In 2018, aerial footage from the Rohingya refugee camps near Cox’s Bazar revealed a stark and sobering sight: A dusty, yellow landscape without vegetation, pocked with shelters, and a horizon broken only by the silhouette of a single, solitary tree.
It was a landscape that seemed to echo the harshness and desolation of exile, and which became the global image of the unfolding crisis.
Only a year earlier, when a campaign of systematic persecution in Myanmar forced over 700,000 Rohingya to seek refuge in Bangladesh, the country responded with remarkable compassion, opening its borders and hearts to those in desperate need.
But while Bangladesh offered safety, the surrounding hills paid the price. To survive, refugees turned to the forest. They cut down trees to cook their meals and heat their shelters.
Each day, they walked farther in search of firewood. Forests were stripped bare, and the once-green hills turned into dry, cracked earth in the summer and dangerous rivers of mud during the monsoon.
Today, over a million refugees live in this fragile coastal region — including some 35,000 who were relocated to the island of Bhashan Char — but anyone visiting the refugee camps would have a hard time conjuring up such an image of desolation.
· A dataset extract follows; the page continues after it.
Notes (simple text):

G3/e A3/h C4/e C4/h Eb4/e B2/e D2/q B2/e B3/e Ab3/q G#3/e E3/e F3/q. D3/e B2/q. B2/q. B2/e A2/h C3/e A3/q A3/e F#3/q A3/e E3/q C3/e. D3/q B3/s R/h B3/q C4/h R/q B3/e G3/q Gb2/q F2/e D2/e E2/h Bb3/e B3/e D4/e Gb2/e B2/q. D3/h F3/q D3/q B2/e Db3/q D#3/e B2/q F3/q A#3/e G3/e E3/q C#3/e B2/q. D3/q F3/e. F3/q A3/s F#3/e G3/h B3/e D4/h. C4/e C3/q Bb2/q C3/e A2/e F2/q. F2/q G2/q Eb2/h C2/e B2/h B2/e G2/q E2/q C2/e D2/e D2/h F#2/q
Bamboo shelters, while densely packed together, are no longer surrounded by wasteland but flanked by bushes and shrubs. Young trees are maturing on the slopes of green-covered hills.
And perhaps most tellingly, roads and pathways are no longer filled with men, women and children carrying firewood — instead, the green-and-red cylinders holding liquid petroleum gas (LPG) have become a regular part of every street scene in the camps.
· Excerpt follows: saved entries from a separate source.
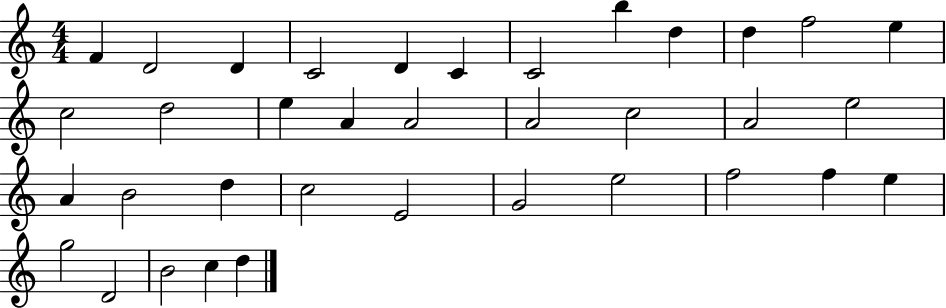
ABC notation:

X:1
T:Untitled
M:4/4
L:1/4
K:C
F D2 D C2 D C C2 b d d f2 e c2 d2 e A A2 A2 c2 A2 e2 A B2 d c2 E2 G2 e2 f2 f e g2 D2 B2 c d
In 2018, agencies began distributing LPG cylinders as a clean, efficient alternative fuel to firewood. It was a simple intervention with a big impact: Every day, 0.34 kg of LPG replaced 4.3 kg of firewood per household.
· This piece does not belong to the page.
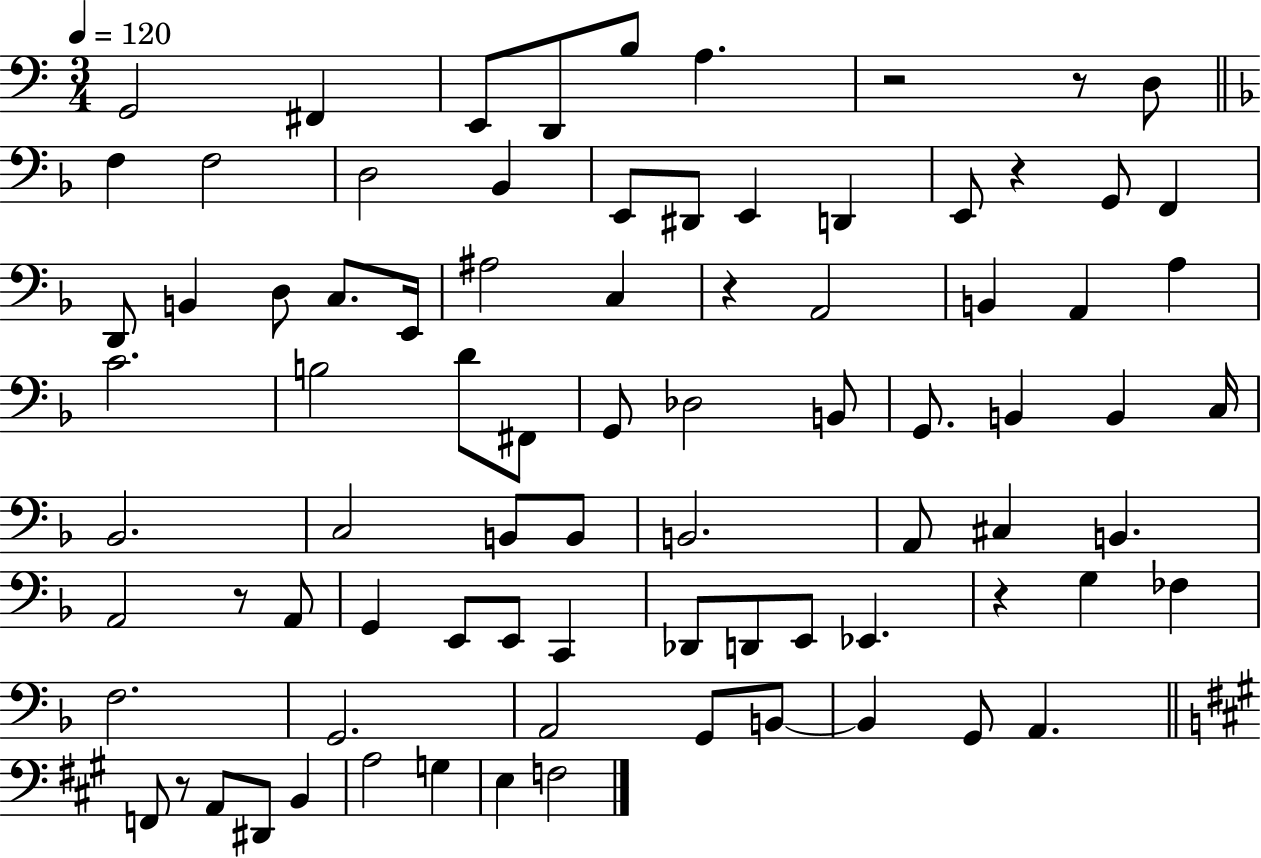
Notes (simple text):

G2/h F#2/q E2/e D2/e B3/e A3/q. R/h R/e D3/e F3/q F3/h D3/h Bb2/q E2/e D#2/e E2/q D2/q E2/e R/q G2/e F2/q D2/e B2/q D3/e C3/e. E2/s A#3/h C3/q R/q A2/h B2/q A2/q A3/q C4/h. B3/h D4/e F#2/e G2/e Db3/h B2/e G2/e. B2/q B2/q C3/s Bb2/h. C3/h B2/e B2/e B2/h. A2/e C#3/q B2/q. A2/h R/e A2/e G2/q E2/e E2/e C2/q Db2/e D2/e E2/e Eb2/q. R/q G3/q FES3/q F3/h. G2/h. A2/h G2/e B2/e B2/q G2/e A2/q. F2/e R/e A2/e D#2/e B2/q A3/h G3/q E3/q F3/h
In 2024 alone, agencies distributed nearly 1.8 million LPG cylinders, with immediate and far-reaching benefits. Families no longer had to forage for firewood, easing tensions with host communities who depend on the same forests.
Children returned to classrooms, and women and girls were less exposed to protection risks associated with firewood collection. Health among the refugees improved as the burning of plastic and wood — sources of toxic fumes — was reduced.
But perhaps most remarkable, nature has begun to reclaim her place.
With fewer trees being cut, and thanks to a vast reforestation effort led by members of the Energy and Environment Network and the SAFE+2 initiative, more than 2,300 hectares of forest have been brought back to life.
In 2024 alone, an astonishing 574 hectares of land were revegetated. Where there was once bare, degraded land, trees now rise, their roots stabilizing the hilly terrain of the camps and reducing the risk of erosion and deadly landslides.
The return of greenery has also brought back wildlife, and with it, the sound of birdsong — a powerful reminder that recovery is possible, even in crisis.
What was once a cautionary tale of environmental degradation has become a rare example of rapid, large-scale reforestation — driven not by idealism, but by the hard, practical needs of displaced people, local communities and the organizations supporting them. This collaborative effort highlights the power of community-driven initiatives in addressing environmental challenges.
On World Environment Day, it’s easy to focus on iconic landscapes and ambitious climate pledges. But there is a quieter lesson to be found in the refugee camps of Cox’s Bazar: That with the right support, even those displaced by violence and conflict can be agents of environmental recovery.
This story is not about perfection. It is about what becomes possible when human dignity and environmental stewardship are treated not as competing goals, but as complementary ones. Here, amidst hardship and human resilience, we are witnessing a rare thing: An ecosystem reborn not by chance, but by choice.
And perhaps that’s exactly where we should be looking for inspiration.
Chris Bender is coordinator of the SAFE+2 project and Energy and Environment Network of the Rohingya refugee response in Cox’s Bazar.